Uccidere un uomo è piuttosto semplice, come lei ben sa. Una daga affilata al posto giusto, dove le vene e le arterie picchiettano cariche di vita. Una testa mozzata. Un pugnale al cuore. Gli cavi gli occhi, gli spezzi le gambe, ti assicuri che non possa più essere una minaccia, e poi lo finisci in tutta comodità. Non c’è bisogno di veleni, non c’è bisogno di falsa misericordia. C’è onestà nel modo in cui uccide, con una spada e un sorriso. Almeno di questo può andare cupamente fiera.

Proprio come lui ha intenzione di usarla, lei lo userà. Lui le darà il suo regno, il suo esercito, il suo potere.

Non ne può più di essere inseguita. Lei è sangue, e neve, e cornacchia e molto, troppo forte per lasciarsi fermare.




« Yelena » dice la Regina quando arrivano, lei con in pugno una spada insanguinata, lui con gli occhi sgranati e pallido dalla nausea. I corridoi rimbombano di grida, e sui pavimenti di pietra si scivola sul sangue, e il profumo di fumo addensa l’aria.

« Yelena » ripete mentre la sua figliastra – bellissima con quell’aria cenciosa degli Splendenti, letale più di ogni altra cosa – la raggiunge e le bacia la guancia con le sue labbra fredde. Salve. Addio.

« Siete invitata al matrimonio » dice, il tono distaccatamente educato, come se non fossero state combattute battaglie per arrivare a questo momento, come se intorno a loro il palazzo non stesse bruciando.

La Regina ride, perché non c’è davvero nient’altro da fare. Tutto ciò che ha visto nello specchio si è avverato, eccetto per un particolare.




Quando il matrimonio giunge al termine, il cadavere viene trattato con il rispetto degno di una regina, anche se il ferro le viene fuso nelle piante dei piedi, fin dentro le ossa, e da lì non verrà più tolto.

(Questo è per il ricordo di Yelena, per la bambina che non mancava di nulla, che era così felice, che la donna di nome Shrike con il suo vizio di impalare la preda non riesce a tollerare nemmeno i più vaghi ricordi che sono riusciti a sopravvivere ai suoi zelanti sforzi di cancellarli.)

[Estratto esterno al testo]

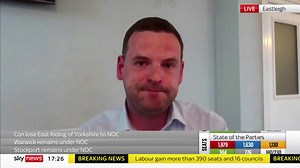 10K views · 208 reactions | Sky's Sophy Ridge challenges Conservative Party vice-chair Paul Holmes MP on his defence of the Tories' local election results. https://trib.al/BSuiSZC  Sky 501, Virgin 602, Freeview 233 and YouTube | Sky News | Facebook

La principessa svanisce dopo tre giorni di luna di miele, una vedova senza nulla al di fuori di quello che riesca a portare (che però non è affatto poco, visto che conosce le alterazioni specifiche da apportare ai vestiti per trasportare e celare quanto più oro possibile).

Lei è sangue, neve e corvo, e nel desiderio di sua madre, il lieto fine non era contemplato.